A Disastrous Punt Attempt From The Citadel Gave South Florida The Easiest Touchdown Possible

College football is back, and in the year 2020 it comes with stadiums catching on fire and a lot of wonky play from under-practiced and understaffed teams getting live action for the first time. The result has been a lot of helter skelter and funny videos circulating on social media, but none have topped what happened between The Citadel and South Florida on Saturday evening.

Midway through the second quarter, with The Citadel trailing 7-0 and backed up in their own end zone, a punt went about as poorly as it could possibly go. It’s been a while since we’ve all watched football, so let’s go through all the bad things that can possibly happen here and what they’re worth. The punter can fumble, or maybe the snap goes over his head and the ball goes out of the end zone for a safety. That’s only two points, though, and things could be worse if South Florida gets their hands on the ball or recovers it in the end zone.

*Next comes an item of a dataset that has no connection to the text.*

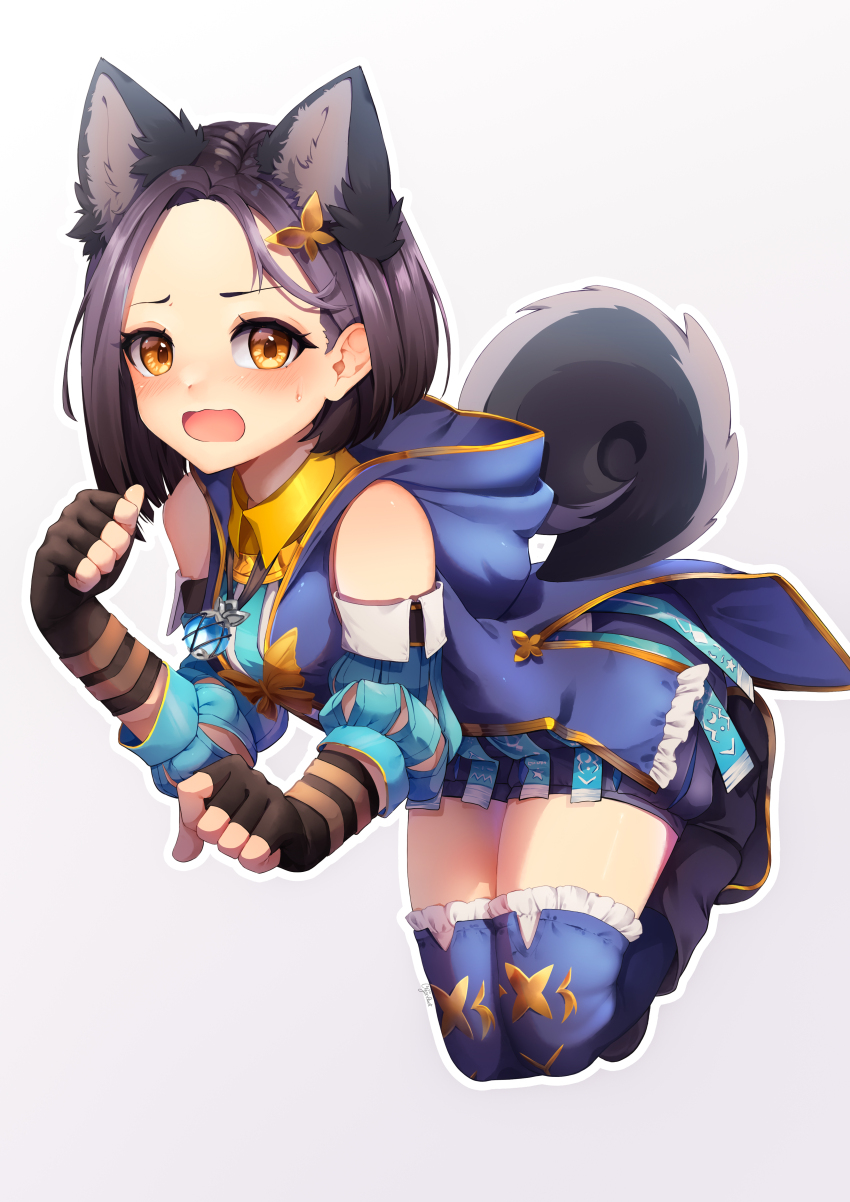 1girl absurdres animal_ear_fluff animal_ears aqua_sleeves bare_shoulders blue_shirt blue_thighhighs blush boots brown_gloves butterfly_hair_ornament clothing_cutout collared_shirt commentary cyan_paint detached_sleeves dog_ears dog_girl dog_tail english_commentary extra_ears fingerless_gloves frilled_thighhighs frills gloves gradient_background grey_background hair_ornament highres hood hood_down hooded_shirt jewelry kemonomimi_mode looking_at_viewer necklace open_mouth outline paw_pose purple_shorts rinwell_(tales) shirt short_hair short_shorts shorts simple_background solo sweatdrop tail tail_through_clothes tales_of_(series) tales_of_arise thighhighs thighs white_background white_outline yellow_eyes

But none of that happened, in fact. What did happen, though, is the punter bobbled the snap, panicked, tried to evade tacklers and managed to get off a punt in name only, which was immediately caught for a South Florida touchdown. If that sounds improbable, fine. But it happened, and we have the video proof you’re going to need to be a believer. Let’s first visit this on the macro level, with the truly dystopian view of an empty Raymond James Stadium and a mask-wearing official watching all this go down.

And now we need to zoom in a bit and really focus on the fine details. The look of absolute panic on the face of the punter. The defender’s joyous reaction to a punt that traveled a few short yard in the air but, on the stat sheet, carried a total -10 yards and was immediately returned for a zero-yard touchdown.

It’s glorious, and in what will almost certainly be a messy, chaotic year of college football it still seems improbable that a punting disaster tops this one. There’s plenty of time, but the bar is officially sky high.